Symbolic Mud
Dec 18 2011 11:33 AM
It's been months since I've made an entry in this blog--but not for lack of topics to write about. In fact, I put my long absence partly down to my sense of discouragement. I can't begin to express how disappointed I am with our current government's recent meddling--without any kind of popular sanction--with our symbolic legacy. I'm referring, of course, to the recent decisions that restore pre-1965 names to our armed services: Royal Canadian Navy, Royal Canadian Air Force, etc. And to the conscious and very public moves to emphasize the British component of our national heritage.
Why did we have the Flag Debate in 1965 except to supersede the only colonial-based names and symbols with names and a primary symbol that could stand for a much more diverse country? Can your imagine Expo 67 being called The Royal Canadian World's Fair. Had someone told me a year ago that these moves would be made, I'd have laughed and dismissed the notion as patently ridiculous.
To use a cliché that seems mild given the situation, I'm shocked and appalled.
What's almost as appalling is the lack of protest--except from a few members of parliament. If ever there was issue ripe for the Liberal rump to seize and make their own, this is it. It was the great Liberal prime minister, Lester Pearson, who gave us the flag. It was his successor, Pierre Trudeau, who consolidated our post-colonial identity. What the government is doing is the equivalent of creating symbolic mud. This when it should be building on our 21st century identity as one of the most diverse and tolerant countries on earth.
I'm not a card-carrying member of any political party. But I have to say, "Shame on the Harper government for playing petty politics with our national emblems."
CANADA DAY REFLECTIONS
Jul 2 2011 6:23 AM
This is my first blog entry since Flag Day, February 15. Why the the long silence?

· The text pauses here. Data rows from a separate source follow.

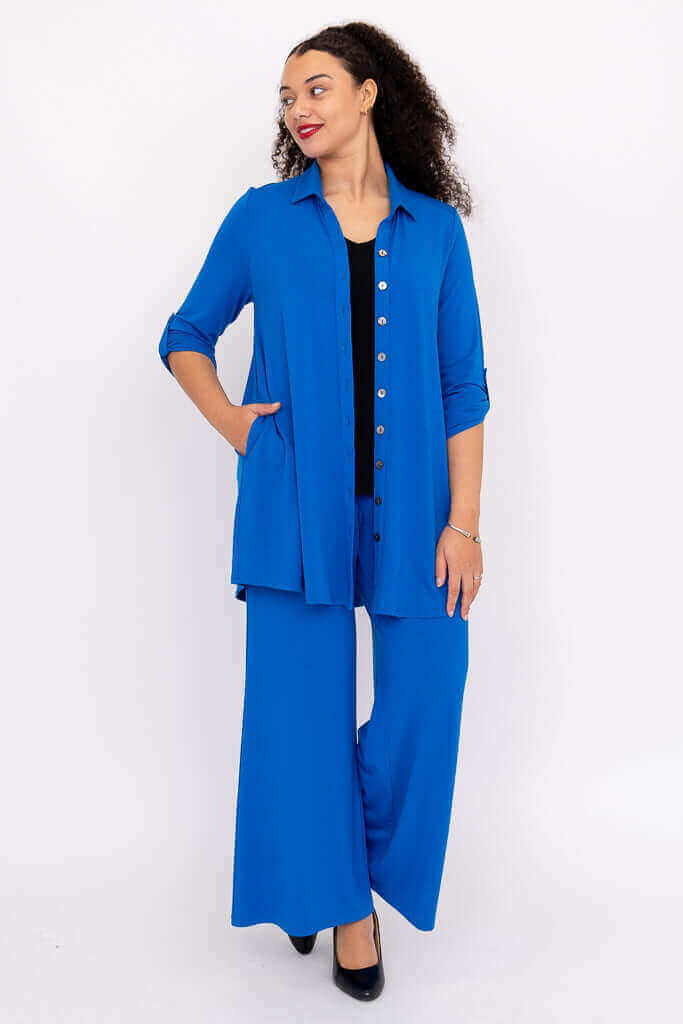 Model wearing blue wide-leg pants with matching shirt, hands in pockets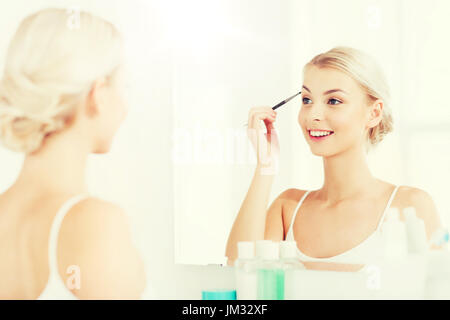 Frau mit Pinsel Augenbrauen Make-up im Badezimmer zu tun Stockfoto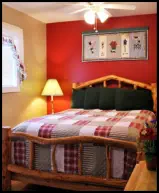 Enjoy a comfy queen bed and ceiling fan breezes in the Red Apple Room.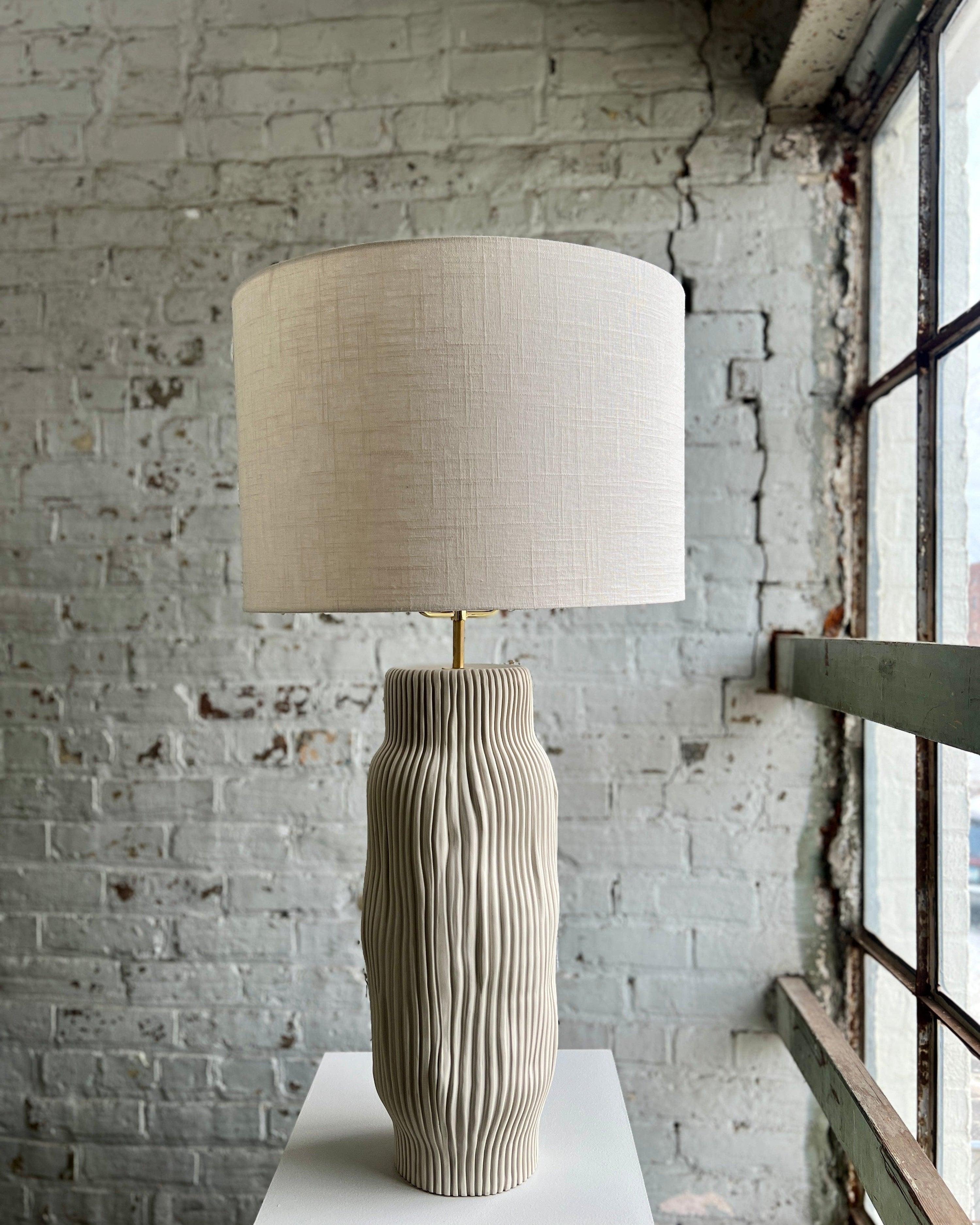 Table lamp with textured base and linen shade.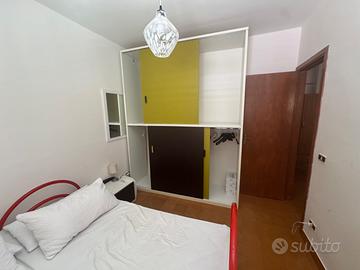 Armadio con ante scorrevoli + letto matrimoniale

It's certainly not because of an absence of great events: the Arab Spring (now a discontented summer); the Canadian federal election (with its radical re-alignment of our political party system); the announcement of the beginning of the American withdrawal from Afghanistan (a beginning that may never end); Canada's official retreat from its important combat role in that same conflict. Ordinarily, any of these developments might have sparked some thoughts about Canada's sense of self and its place in the world. Yet my electronic pen has been idle.
Yes, I've been busy, too busy--it's the way of our contemporary world. But so are most of us and so am I most of the time. No, the reason clearly lies deeper than surface distraction.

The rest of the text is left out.